From: Kenneth Whistler (kenw@sybase.com)
Date: Wed Sep 03 2003 - 14:32:02 EDT

  • Next message: John Cowan: "Re: Punctuation symbols for partial cuneiform characters"

    Well, since Michael is engaged in an all-guns-blazing campaign
    on the public list, I guess I need to weigh in, too.

    > > Don't worry. The scholars aren't using them anyway so there won't be
    > > any disunification cost.

    TBD.

    > > Ah, but one of my minions (laughs hysterically) has pointed out the
    > > following to me:
    > >
    > >> The CEILING brackets are (most commonly) used to denote the ceiling
    > >> function in math. The FLOOR brackets are similarly (most commonly)
    > >> used to denote the floor function in math.
    > >>
    > >> Look at the bottom half of page 4 (the one numbered 4, not counting
    > >> the pages before 1...) of
    > >> http://www.chl.chalmers.se/~kentk/LIA/lia2-draft-ed2.pdf.
    > >> This is conventional mathematical usage.
    > >>
    > >> They are used predominantly in math expressions.
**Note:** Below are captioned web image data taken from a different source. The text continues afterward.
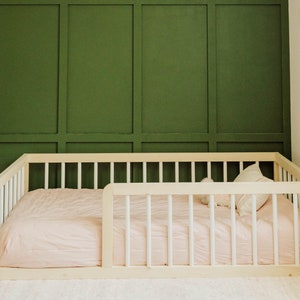 Hardwood White Montessori Floor Bed with Rails, Made in USA, Painted Toddler Bed; Twin, Full, Queen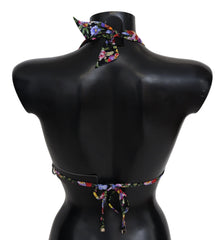 Hauts de bikini Dolce & Gabbana à imprimé floral noir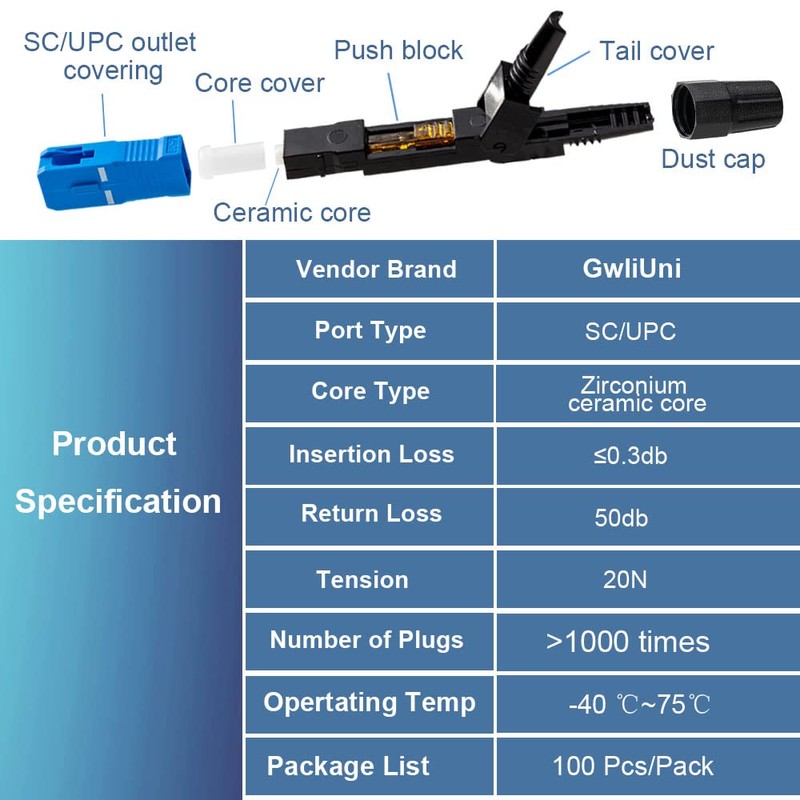 GwliUni 100 Pcs SC Fiber Optical Fast Cold Connector, Single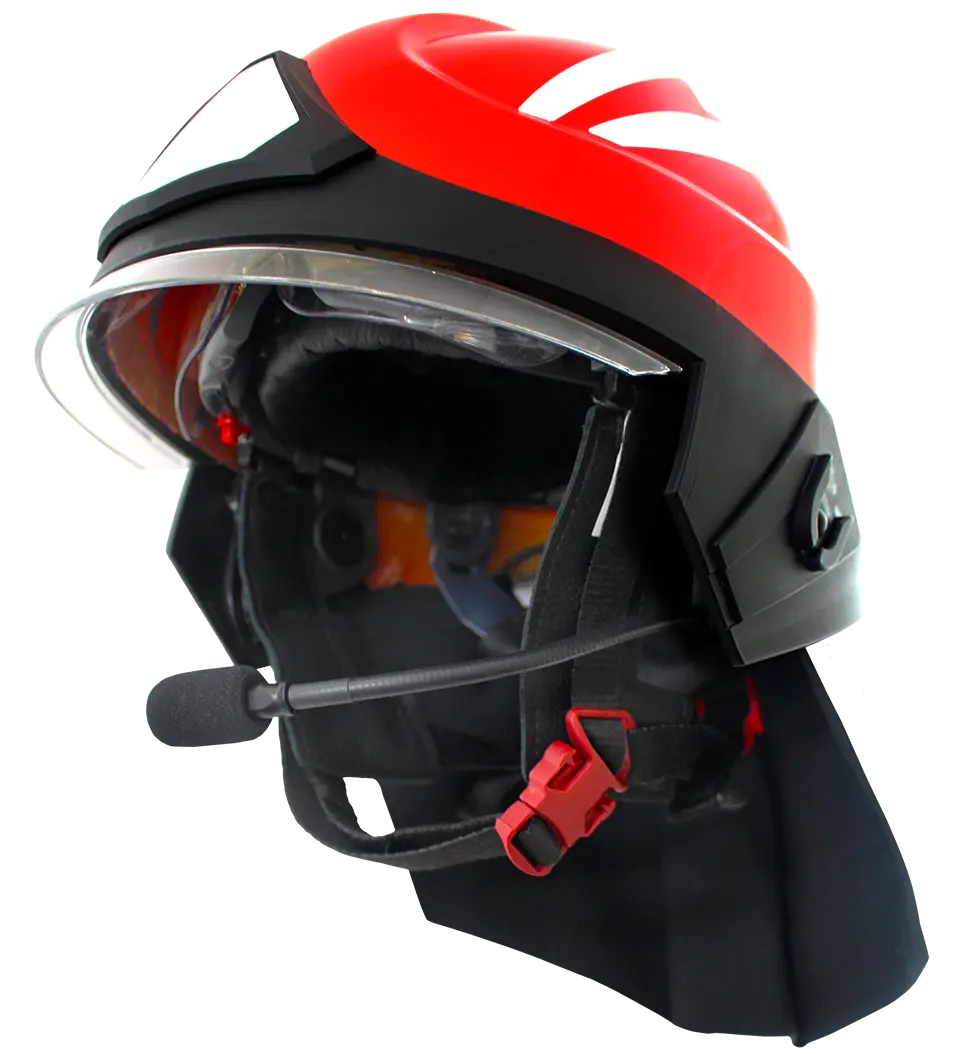 Model F15 Pacific Helmet from Lakeland Industries - Highlighting the 4Pt Chinstrap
    If Michael (admittedly math-averse) would bother to look at the
    mathematical source document (ISO/IEC 10967-2, Language indepedent
    arithmetic) he cites here from Kent Karlsson, he
    would discover that in math the floor and ceiling characters *are*
    used in bracketing pairs.

    > >> Looks like an inconsistency which can be resolved in two ways:
    > >> 1) Add new punctuation characters and leave these ones as symbols;
    > >
    > >
    > > Yes!

    This assumes the two categories are mutually exclusive. Formally,
    they are, of course, since the General Category is a partition,
    so that if a character has gc=Sm (or gc=So, or anything else), it
    can't also have gc=Po (or gc=Ps, or anything else). But in
    practice the line between actual usage of symbols and punctuation
    is quite fuzzy. There are plenty of symbols (including some
    dingbats) that are used as punctuation in various contexts. And
    in this particular case, the usage of floor and ceiling symbols
    in math does not prevent recognizing that their usage *even in
    math* as bracketing pairs on symbols is delimiter- and punctuation-like
    in practice.

    > >
    > >> 2) Adjust the categories of these ones to Ps.
    > >
    > > No!

    I concur that the General Category assignment does not need
    fiddling with. But in point of fact, assignment of gc=Sm is
    insufficient in actual applications to define details of usage
    and layout.

    One should not draw too many conclusions from the details of the
    preferred glyph shape of floor and ceiling in mathematical
    expressions (taller than Michael wants for corner brackets in
    medieval manuscript textual critical apparatus). Note that even
    the *regular* square brackets, U+005B/U+005D, have distinct layout
    behavior when they occur in mathematical expressions. That is
    insufficient reason to then go insisting that those need to
    be separately encoded as *characters*.

    > >
    > >> And what about bidi mirroring?
    > >
    > >
    > > These should function just like the square brackets.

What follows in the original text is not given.